[Crawled caption data]
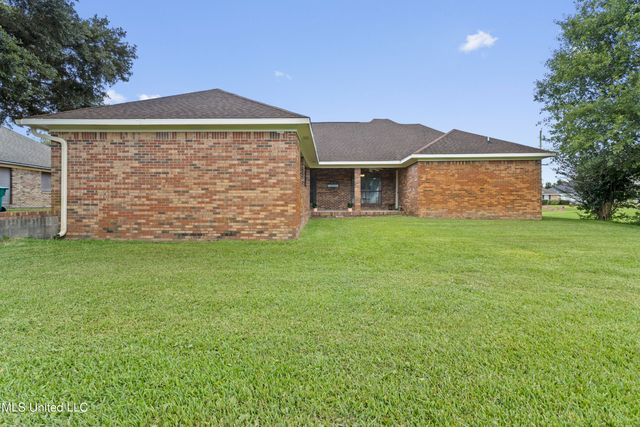 2372 Park Place Drive, Gulfport, MS 39507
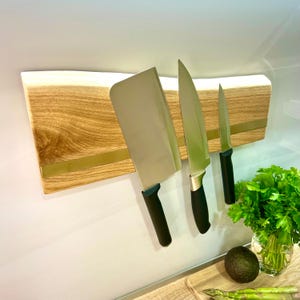 手作りのオーク材製マグネット式ナイフホルダー、真鍮のアクセント付き、壁掛け式キッチンオーガナイザー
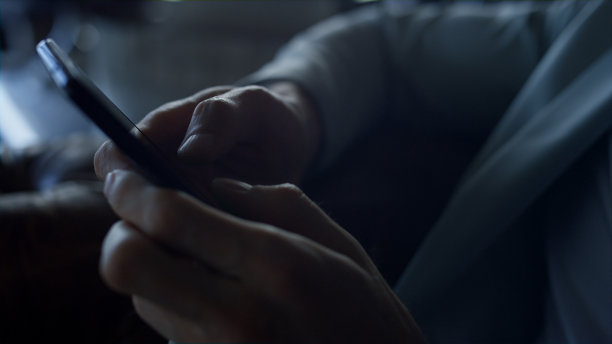 商人手拿智能手机特写。不明身份男子，工人，发短信伙伴图片下载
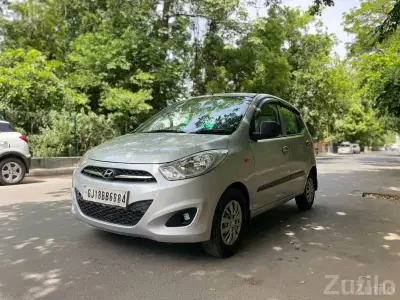 2013 Hyundai i10 Silver Hatchback 2013 Hyundai i10 Silver Hatchback
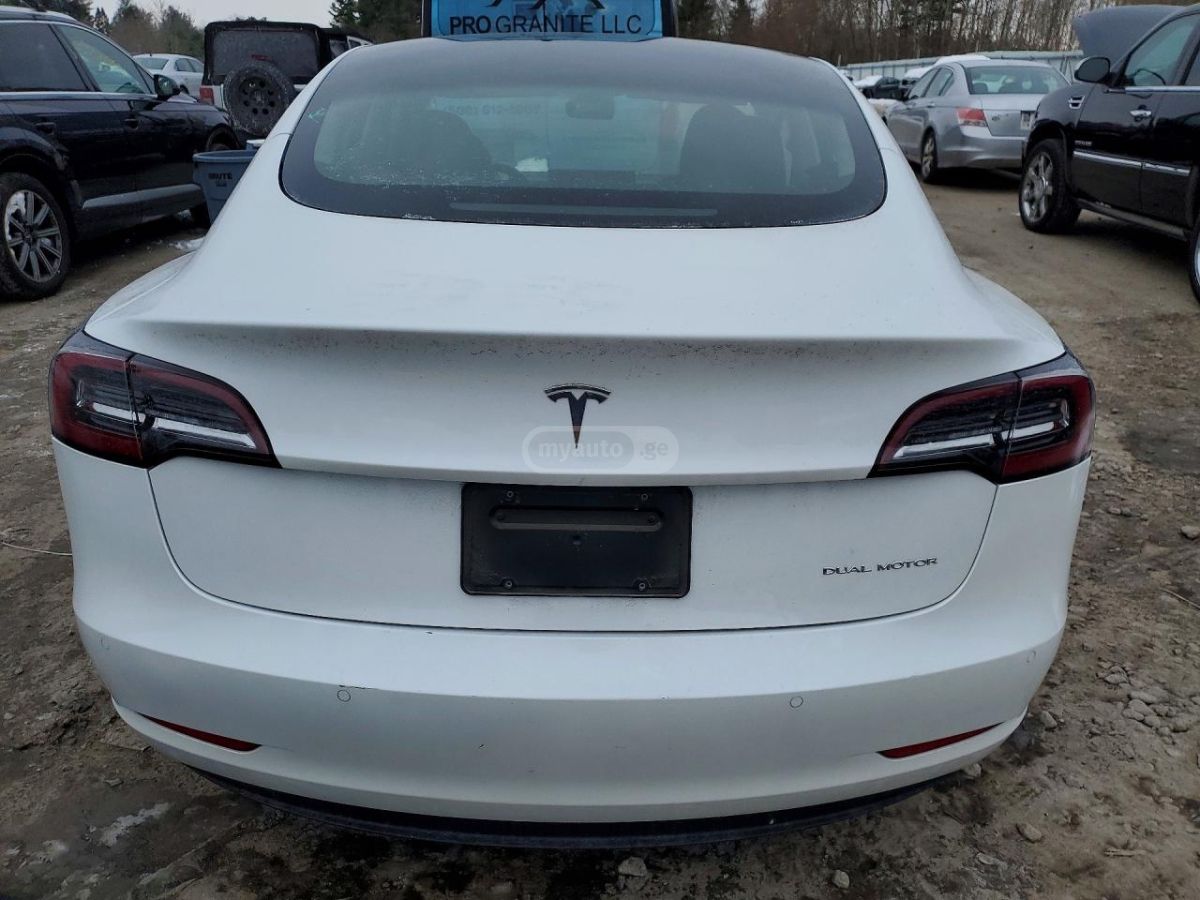 Tesla Model 3 - фото 6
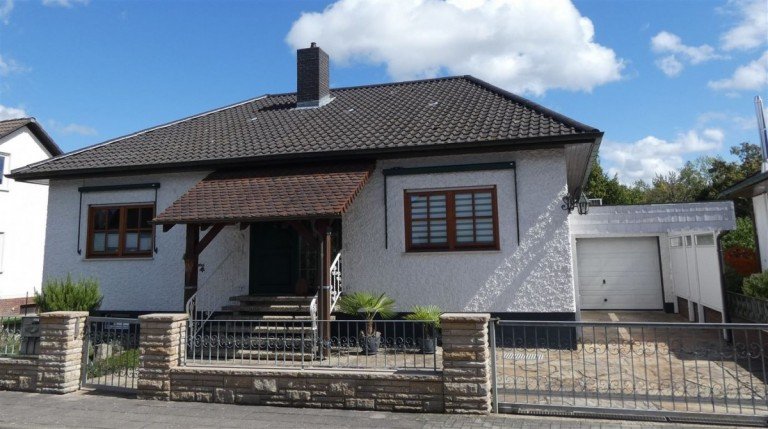 Hausansicht mit Carport Ha�loch , Pfalz Bungalow VERKAUFT - Modernisierter Walmdachbungalow mit Wohlf�hlgarantie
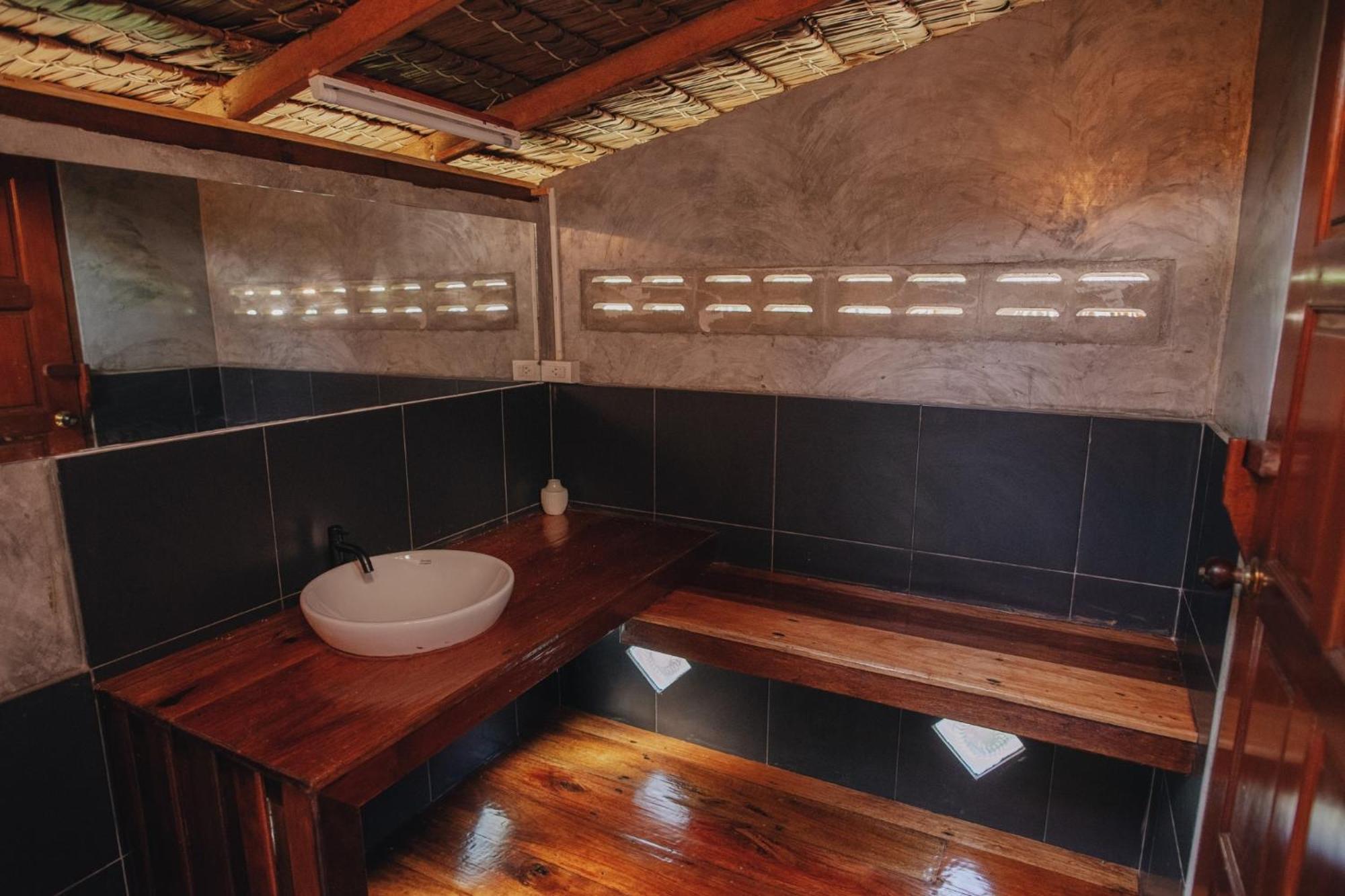 Coco Canopy Boutique Resort Koh Jum Eksteriør billede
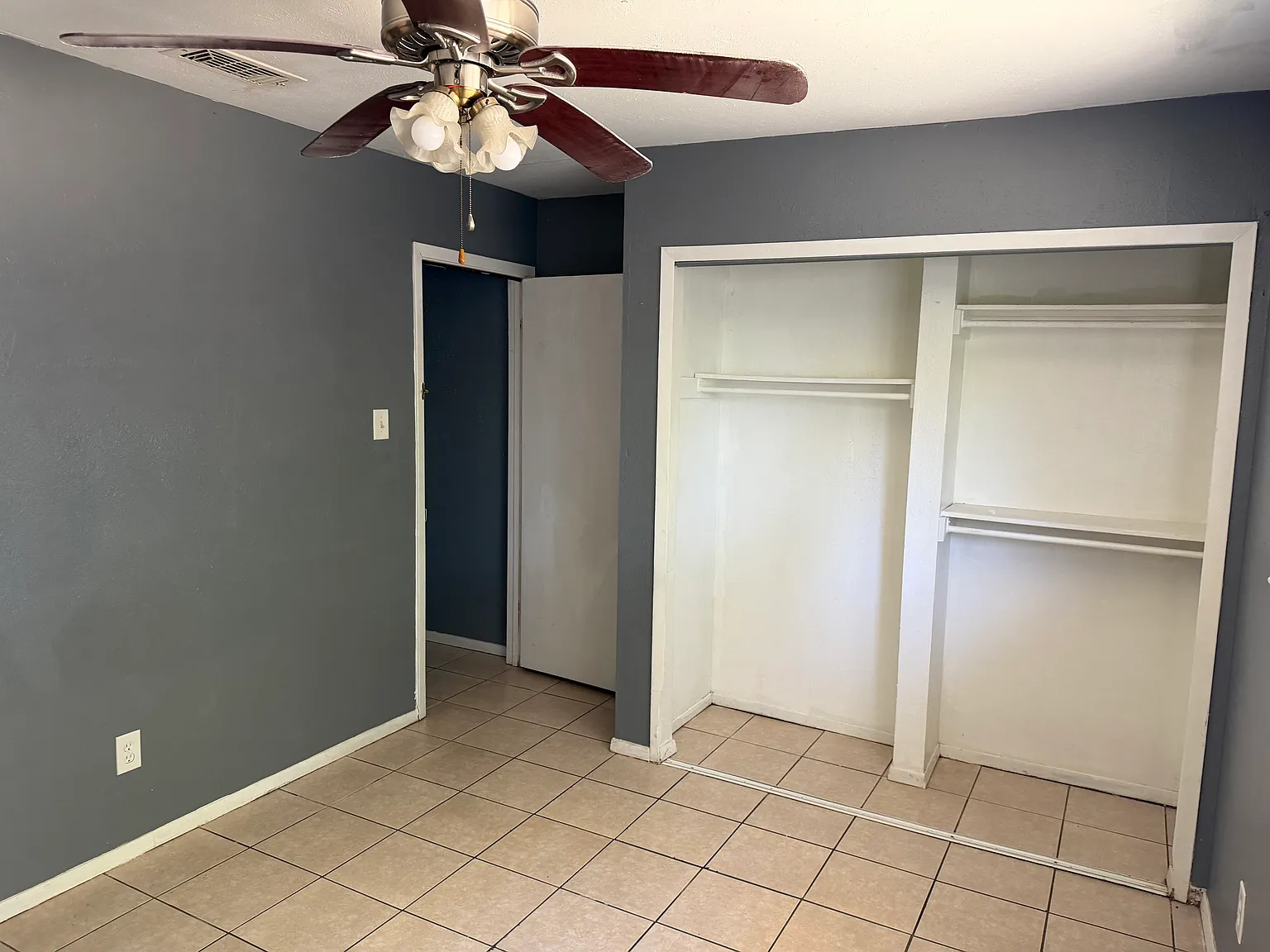 3 bed, 1460 sqft, $2,200 — Photo 4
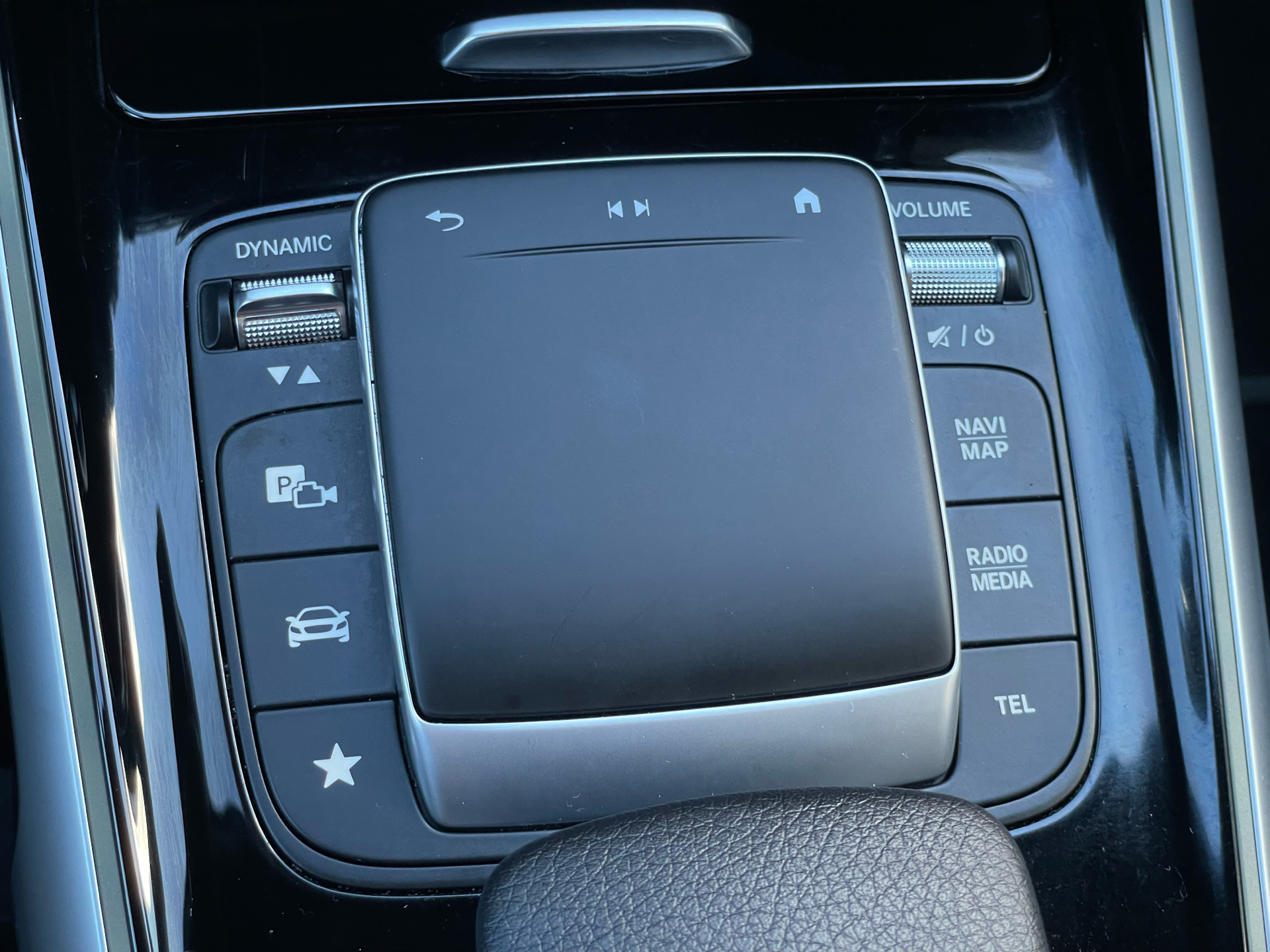 Billede af Mercedes-Benz EQB 350 EL AMG Advance 4Matic 292HK 5d Aut.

[Task to carry out]:
Return every record exactly, minus the pictures.

[Exercise output]:
 2372 Park Place Drive, Gulfport, MS 39507
 手作りのオーク材製マグネット式ナイフホルダー、真鍮のアクセント付き、壁掛け式キッチンオーガナイザー
 商人手拿智能手机特写。不明身份男子，工人，发短信伙伴图片下载
 2013 Hyundai i10 Silver Hatchback 2013 Hyundai i10 Silver Hatchback
 Tesla Model 3 - фото 6
 Hausansicht mit Carport Ha�loch , Pfalz Bungalow VERKAUFT - Modernisierter Walmdachbungalow mit Wohlf�hlgarantie
 Coco Canopy Boutique Resort Koh Jum Eksteriør billede
 3 bed, 1460 sqft, $2,200 — Photo 4
 Billede af Mercedes-Benz EQB 350 EL AMG Advance 4Matic 292HK 5d Aut.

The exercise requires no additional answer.